The Internal Revenue Service on November 1, 2016 issued Notice 2016-66 (the Notice) requiring information reporting with respect to certain insurance or reinsurance transactions (often referred to as micro-captive transactions) involving captive insurance companies that claim the benefits of an election under Section 831(b) of the Internal Revenue Code (available to certain small insurance companies). The IRS and the Treasury Department are concerned that taxpayers are entering into potentially abusive micro-captive transactions (for example, by insuring against risks that are implausible or that do not match a business risk of the insured) in order to gain an inappropriate tax advantage, and are seeking information on these types of transactions in order to best formulate a response to this perceived abuse. The Notice identifies the transactions which, together with transactions which are substantially similar to the described transactions, are subject to this reporting. Information reporting for covered transactions would potentially be required for transactions occurring as far back as November 2, 2006.
Although targeted at identifying the types of transactions that the IRS and Treasury Department consider as having the potential for tax avoidance, these criteria are broadly crafted enough to potentially catch non-abusive transactions as well.
Information reporting and certain related record keeping requirements for covered transactions could potentially be required of the captive insurer, the insured (including potentially fronting companies used in a reinsurance model), and certain owners of the insured, as well as material advisors who provided tax statements with respect to the transaction.

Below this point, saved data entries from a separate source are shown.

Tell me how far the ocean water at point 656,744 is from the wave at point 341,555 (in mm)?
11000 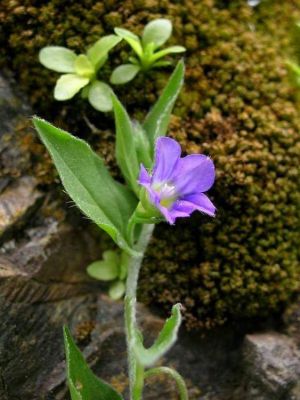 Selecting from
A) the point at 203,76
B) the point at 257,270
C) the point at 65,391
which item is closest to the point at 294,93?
the point at 203,76

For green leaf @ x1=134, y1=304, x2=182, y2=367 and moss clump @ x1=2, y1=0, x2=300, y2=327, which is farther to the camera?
moss clump @ x1=2, y1=0, x2=300, y2=327

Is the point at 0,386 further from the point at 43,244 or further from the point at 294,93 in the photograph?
the point at 294,93

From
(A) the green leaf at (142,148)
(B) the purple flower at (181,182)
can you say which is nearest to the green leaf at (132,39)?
(A) the green leaf at (142,148)

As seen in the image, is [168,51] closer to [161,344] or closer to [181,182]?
[181,182]

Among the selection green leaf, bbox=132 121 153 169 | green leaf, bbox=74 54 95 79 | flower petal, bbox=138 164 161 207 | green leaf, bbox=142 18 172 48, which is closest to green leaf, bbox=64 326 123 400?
flower petal, bbox=138 164 161 207

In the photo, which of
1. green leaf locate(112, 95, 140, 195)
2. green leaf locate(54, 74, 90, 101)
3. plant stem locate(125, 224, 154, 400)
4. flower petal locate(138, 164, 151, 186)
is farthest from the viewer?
green leaf locate(54, 74, 90, 101)

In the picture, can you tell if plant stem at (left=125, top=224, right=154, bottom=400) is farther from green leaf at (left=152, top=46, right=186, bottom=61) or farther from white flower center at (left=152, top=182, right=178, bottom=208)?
green leaf at (left=152, top=46, right=186, bottom=61)

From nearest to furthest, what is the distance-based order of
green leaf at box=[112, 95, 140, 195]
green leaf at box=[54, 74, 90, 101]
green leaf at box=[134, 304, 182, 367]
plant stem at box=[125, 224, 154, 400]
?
green leaf at box=[134, 304, 182, 367]
plant stem at box=[125, 224, 154, 400]
green leaf at box=[112, 95, 140, 195]
green leaf at box=[54, 74, 90, 101] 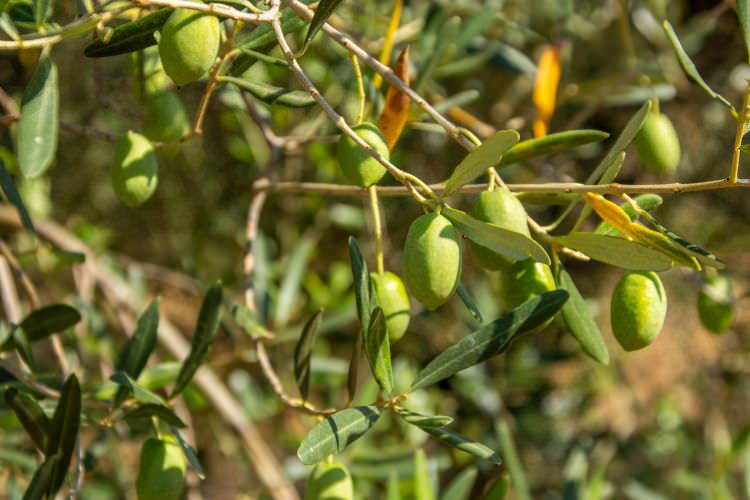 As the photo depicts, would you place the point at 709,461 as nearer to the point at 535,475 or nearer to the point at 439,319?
the point at 535,475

The owners of the insured, the insured, and the captive (and any fronting company used in a reinsurance model) for covered transactions must disclose their involvement to the IRS. These parties are required to annually file Form 8886, “Reportable Transaction Disclosure Statement,” with their tax returns beginning with the 2016 tax year. Retroactive reporting is also required for covered transactions from after November 2, 2006 and before January 1, 2016 (generally due by January 30, 2017). All disclosing parties must describe when and how they became aware of the transaction, and disclosing captives are required to provide certain additional detailed information. The disclosing parties must also retain a copy of all material documents and other records related to the transaction. Failure to disclose on Form 8886 could result in a penalty of 75% of the tax benefit of the transaction, with minimum and maximum penalties ranging from $5,000 to $50,000 depending upon the status of the reporting party.
Material advisors that have made a tax statement on or after November 2, 2006 with respect to covered transactions entered into on or after that date also have disclosure and record keeping obligations. A material advisor is generally a person who provided any material aid, assistance or advice with respect to organizing, promoting, implementing or insuring the transaction, and derives gross income in excess of $250,000 if substantially all of the tax benefits are provided to non-individual taxpayers (or $50,000 if substantially all of the tax benefits are provided to individuals). Material advisors must file Form 8918, “Material Advisor Disclosure Statement,” and maintain a list identifying each person that they acted as a material advisor to regarding such a transaction. Failure to disclose on Form 8918 could result in a penalty of $50,000, and failure to make the list available within 20 business days of a written request could result in daily penalties of $10,000.
Taxpayers utilizing a micro-captive structure should review their structure to determine whether these new reporting and record keeping requirements apply. As stated above, micro-captive transactions that are used for legitimate risk management purposes that do not involve tax avoidance could nonetheless be caught in the broadly crafted criteria of the Notice.